2004 - Cause and Effect





Happy New Years to you all!

What a corny start to what I am hoping is a very stimulating, exuberating year of sorts. It's so funny that when a year starts it holds so many promises and surprises for everyone that we start to wonder is it a good thing or a bad thing that we have yet another whole year in front of us. The only person who really knows what that year holds is God! If it's good or bad or in between, He knows, sometimes I wish I could ask Him just so I know if it's worth my getting excited.

Last night I sat by myself and sipped my champagne as the countdown went on, I refused to watch Dick Clark, I just slipped in The Matrix and spent the first few seconds of the New Year trying to decipher why Neo didn't take the blue pill or is it the red one, I forget. I could so understand why Cipher was so angry that he had not been told what lay ahead for him as he chose that other pill and went down the rabbit hole. Yes, they should have told him. And his wrong choice could not be re-written, it's so daunting to watch a movie that poses the question of choice, and cause and effect on such a noteworthy time as New Years, you start to plead with yourself that you would make the right choices in EVERYTHING and that the effect of some of your causes from the years past would not come to haunt you in the new one.

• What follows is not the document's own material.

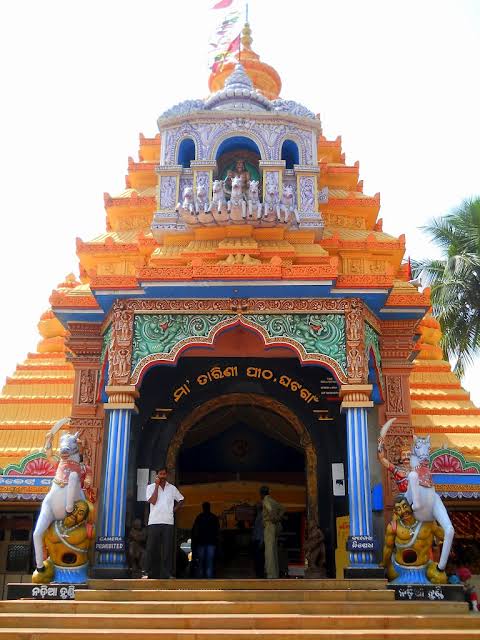 ମକରରେ ଘଟଗାଁ ମା' ତାରିଣୀ ଦର୍ଶନ ମନା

Anyway, enough of the gibberish, it's rare that I watch that movie so deeply I just normally sink into the eye candy and I am good. I guess getting old would do that to you.

Madonna said she does not watch Television. I had read her say that in one of her interviews, that she spends her free time reading books, studying, bettering her craft. No wonder her IQ is superb. I thought to myself, I really should do that I am getting stupid and dense and feeble minded, my mind is consumed with flippant worries instead of the unearthing world views.

So there, that is part of my new years resolution, asides from the obvious--lose weight so that Keanu just may fancy me, there is read, better my craft, spend as much time reading, writing and creating some ideas as possible, and let's see how that goes.

After that I spent a good part of the day cooking--finding out I am not such a good cook--and cleaning up, sadly taking down the Xmas decorations and just seeking out the day to try and get a feel of the new year, 2004. It is a bit perplexing initially. 2003 was a good year for me so I just found it hard to break loose of it. I found myself mumbling in my sleep a prayer that new years alone shall soon be a thing of the past, shall they now? It is so troubling to me that I had to think of it even in my sleep! Even in my sleep...the alone time is good, I have fun with myself, but I know it would be better shared with someone.

Here's to 2004, the year I turn 30 and to all my deepset dreams, that they shall find their way to fruition.

Amen!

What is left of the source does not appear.